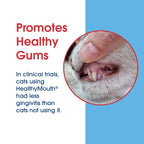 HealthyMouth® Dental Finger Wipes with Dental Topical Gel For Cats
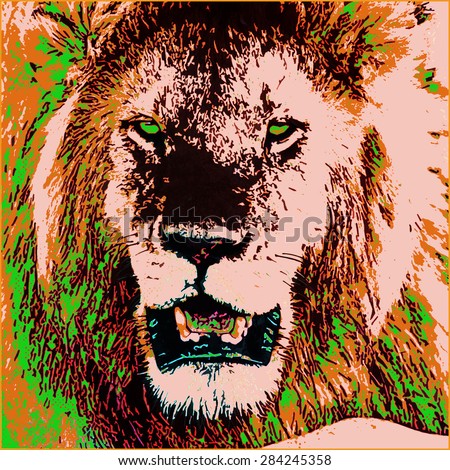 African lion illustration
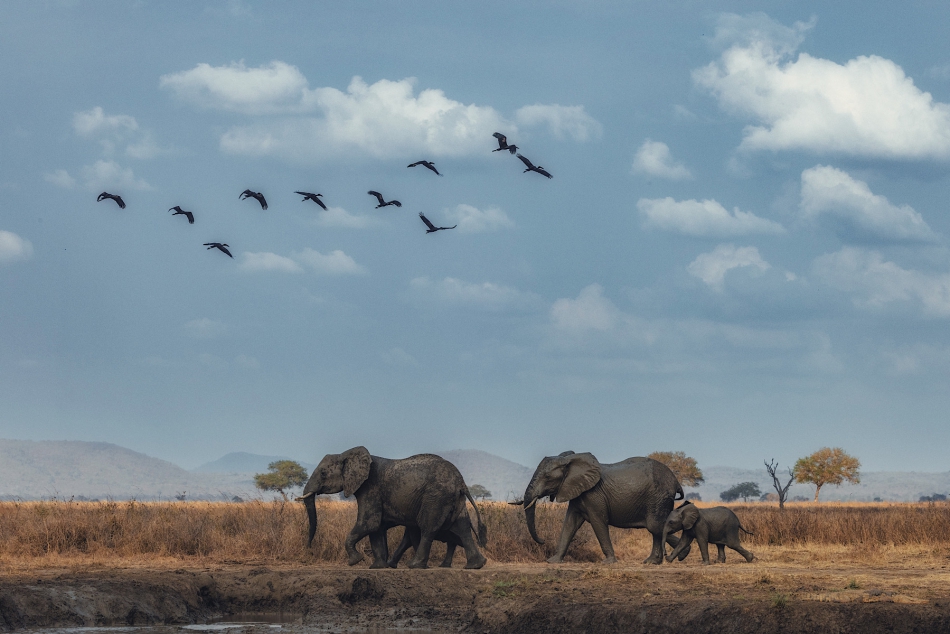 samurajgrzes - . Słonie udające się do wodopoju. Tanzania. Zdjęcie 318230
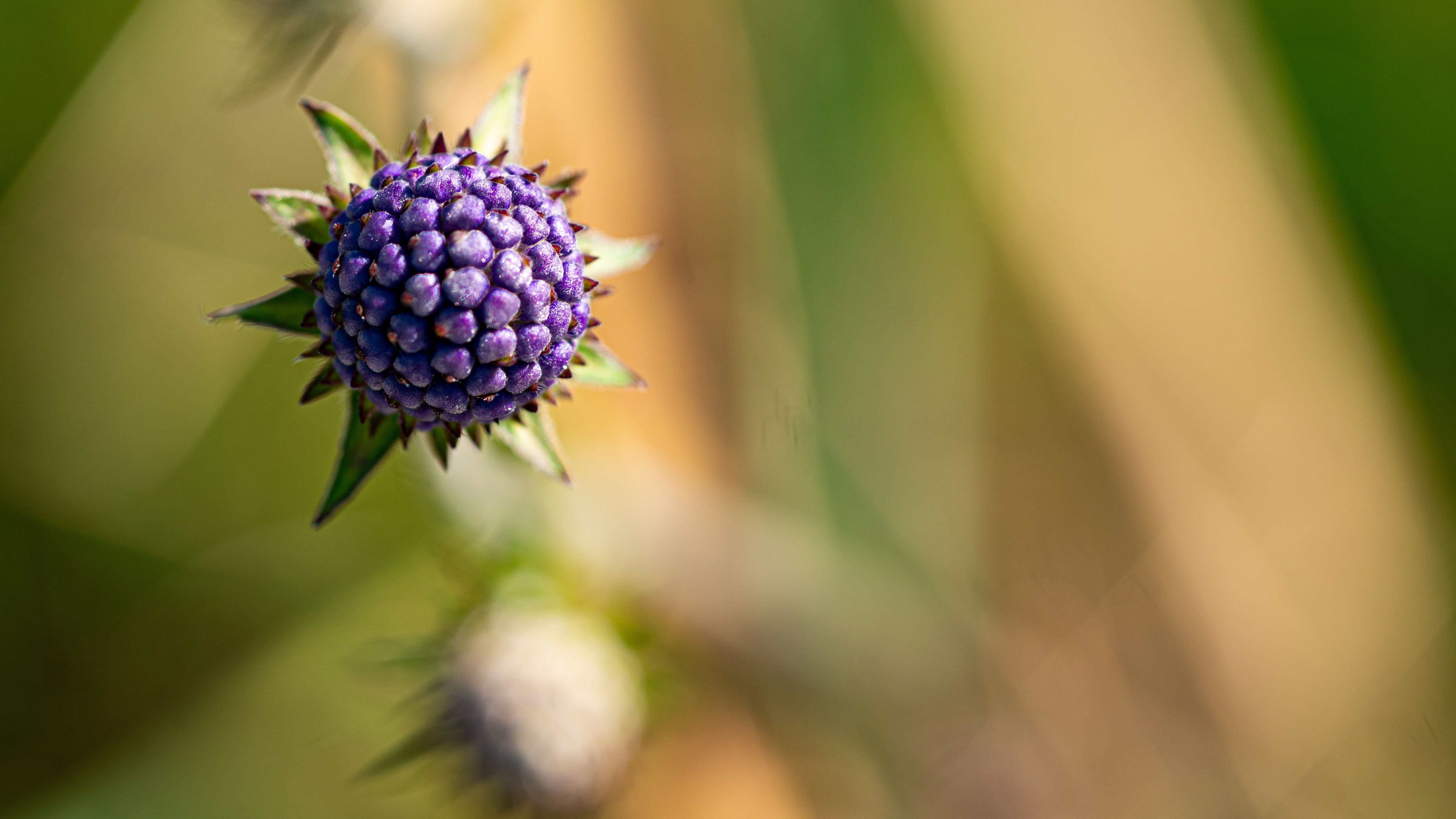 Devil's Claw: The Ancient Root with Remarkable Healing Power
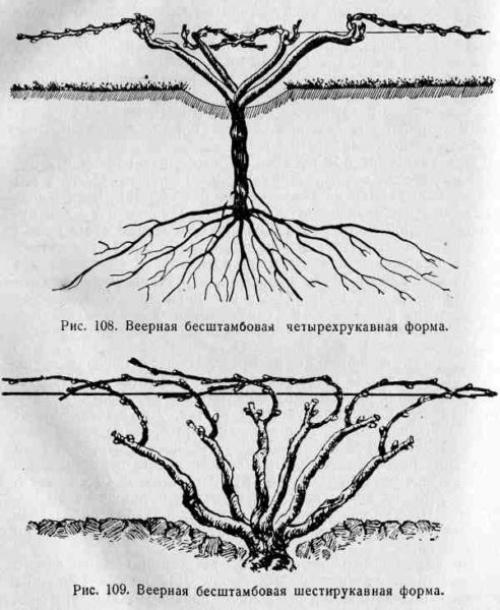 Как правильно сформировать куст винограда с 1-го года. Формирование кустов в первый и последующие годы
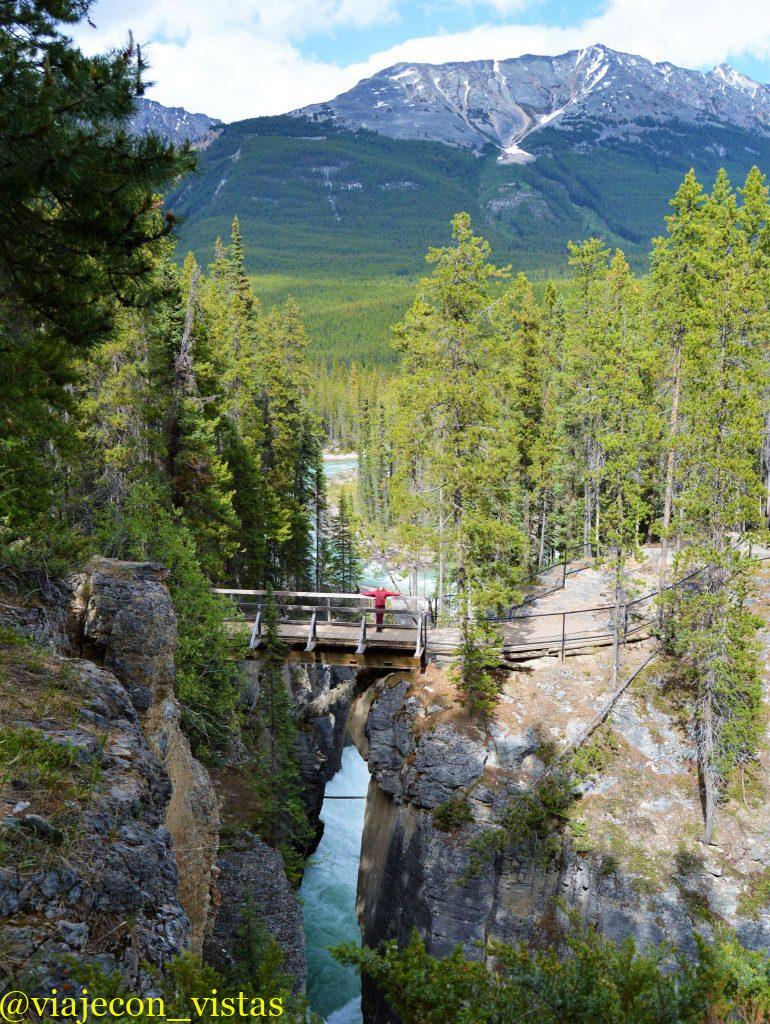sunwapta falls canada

> **WHAT TO WORK ON**: Every record must be returned exactly. Leave its pictures out.

> **ANSWER TO THIS PROBLEM**:
 HealthyMouth® Dental Finger Wipes with Dental Topical Gel For Cats
 African lion illustration
 samurajgrzes - . Słonie udające się do wodopoju. Tanzania. Zdjęcie 318230
 Devil's Claw: The Ancient Root with Remarkable Healing Power
 Как правильно сформировать куст винограда с 1-го года. Формирование кустов в первый и последующие годы
sunwapta falls canada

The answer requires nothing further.